Na edição nº 1324, que foi para as bancas a 19 de julho, a VISÃO revelou os primeiros esquemas utilizados para fintar os regulamentos e que, conjuntamente, implicariam um desvio de meio milhão de euros – o montante poderá, afinal, ser substancialmente superior – de donativos destinados a obras urgentes para reconstruções de casas que não eram prioritárias – algumas não tinham residentes ou nem sequer arderam. O truque de alteração das moradas fiscais em datas posteriores aos fogos funcionou, mas agora o Ministério Público já tem em sua posse 113 processos de apoio (21 dos quais decorrentes do trabalho da VISÃO e de duas reportagens subsequentes da TVI).
Este é o terceiro caso polémico:
Maria Fátima Nunes (e o marido, Francisco Ferreira da Silva) requereu apoio para uma casa na Rua da Lomba, no Ramalho, também em Vila Facaia. Na reconstrução, que está a ser levada a cabo pelo Revita, foram aplicados 56 493,90 euros. Ainda assim, no processo que chegou à CCDRC, a própria admite viver numa casa arrendada em Figueiró dos Vinhos.

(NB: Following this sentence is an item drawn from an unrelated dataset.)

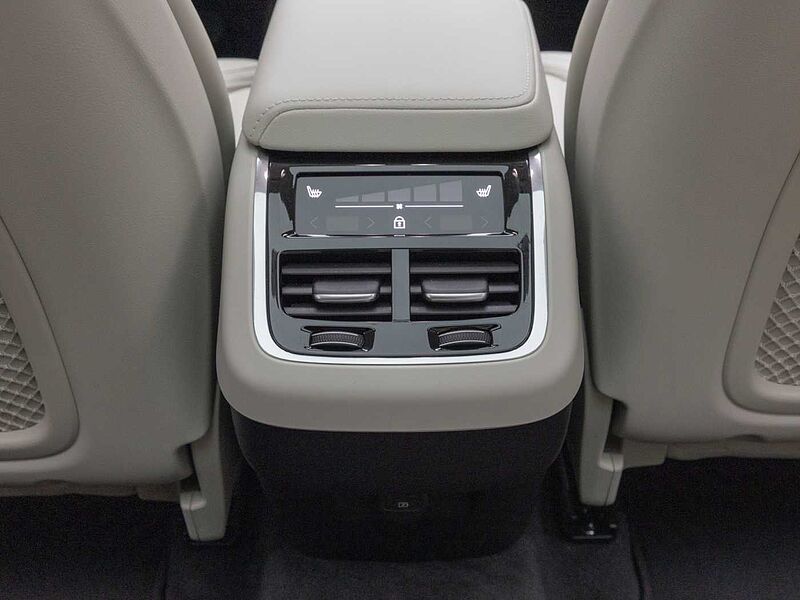 Volvo  Ultra, B5 AWD 마일드 하이브리드, 가솔린, 다크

Maria Fátima Nunes invocou estar na posse do imóvel há 36 anos, o que lhe daria direito à propriedade por usucapião. A câmara municipal validou a informação e justificou o facto de, à data do incêndio, a requerente não ter a propriedade da casa por causa da burocracia inerente a esse registo.
Além disso, embora a CCDRC tenha referido que a candidata comprovou que aquela era a sua habitação permanente, com faturas de água e de luz, só a 5 de fevereiro deste ano Maria Fátima Nunes assumiu como domicílio fiscal a Rua da Lomba. Pequeno pormenor: o marido, que em 2016 alterara a morada fiscal em sintonia com a mulher (para a Rua Teófilo Braga, em Figueiró dos Vinhos), desta feita não a acompanhou, continuando com a morada da casa que ambos têm arrendada.